Page 1 of 1

compiler optimization - With MMX/SSE or without

Posted: Mon Apr 28, 2014 5:08 am
by dlarudgus20
As we know, until we write floating-point support to our OS, we should disable using these when we use compile optimization. (e.g.

Code: Select all

-O3 -mno-mmx -mno-sse -mno-sse2 -mno-sse3
)

But after supporting floating-point, it's good for speed to enable these? Of course, they are used when compiler thinks it's good for speed. But if we use these, OS should perform saving/restoring MMX register.

Despite OS's overhead, using MMX/SSE is good for speed? or not? All your advice will be appreciated.

Re: compiler optimization - With MMX/SSE or without

Posted: Mon Apr 28, 2014 5:21 am
by sortie

Code: Select all

-mno-mmx -mno-sse -mno-sse2 -mno-sse3
Note that compilers like i686-elf doesn't enable any of those by default. Only x86_64 compilers do because x86_64 requires MMX, SSE and SSE2 (I think, look it up) to be available, so the compiler assumes they are.

There is absolutely nothing wrong with using floating point registers in the kernel and removing those. However, that means your interrupt handlers should take care not to overwrite the values and reset the floating point environment to a safe state.
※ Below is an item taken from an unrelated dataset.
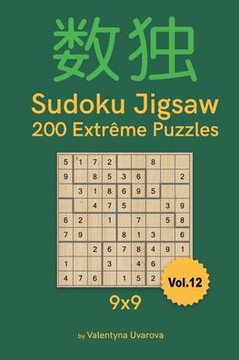Sudoku Jigsaw: 200 Extrême Puzzles 9x9 vol. 12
Usually, you don't really need floating point stuff in a kernel and can do without.

Re: compiler optimization - With MMX/SSE or without

Posted: Mon Apr 28, 2014 5:35 am
by dlarudgus20
Sometimes compiler use these for optimization. (I have got a bug because of this before http://stackoverflow.com/questions/1961 ... 0-register :cry: )

My question is whether that is really helpful for optimization...
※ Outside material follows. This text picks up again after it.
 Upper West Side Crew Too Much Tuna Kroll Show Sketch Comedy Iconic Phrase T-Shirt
Re: compiler optimization - With MMX/SSE or without

Posted: Mon Apr 28, 2014 5:38 am
by Nable
sortie wrote:Usually, you don't really need floating point stuff in a kernel and can do without.
SIMD instructions provide not only floating-point operations. At least, fast memcpy is a very nice thing for kernel. Some other parts of kernel can also gain some speed-up from SIMD instructions (e.g.: crypto modules).

Re: compiler optimization - With MMX/SSE or without

Posted: Mon Apr 28, 2014 5:55 am
by sortie
Yes, it could potentially speed up memcpy, at the cost of having to save floating point registers. There is a trade-off here that depends on what exactly you want to do. In some ways, it would be cleanest if the kernel can use floating point registers, and I am suspecting doing so is not nearly as expensive as it used to be since computers are faster today. Do your own profiling to determine what gains are available. :-)

Re: compiler optimization - With MMX/SSE or without

Posted: Mon Apr 28, 2014 6:24 am
by Bender
I don't think that should cause a problem (unless you've a hidden bug with your code), it may cause something like 'Invalid Opcode' if you haven't enabled SSE or initialized the FPU (not sure about the latter). Adding FPU support is a trivial task, AFAIK you just need to initialize the FPU and/or SSE and have nice handlers for floatbloats/faults, let the compiler handle the rest. :)

Re: compiler optimization - With MMX/SSE or without

Posted: Mon Apr 28, 2014 2:02 pm
by Owen
The cost of enabling FPU usage in kernel has kept steady over time because FPU state has grown. SSE grew it to ~256 bytes, AMD64 grew it to ~512 bytes, AVX ~doubled that; AVX512 will double it again.

Hence, saving the FPU state on every context switch is expensive. Note that, for Haswell as one example, saving AVX state corresponds in cost to saving 3% of L1 cache. This isn't overwhelming, but it is large. Also note that the size of L1 caches have been fairly static (All Intel CPUs have had 64kB L1 for the last decaded), so the relative cost is growing.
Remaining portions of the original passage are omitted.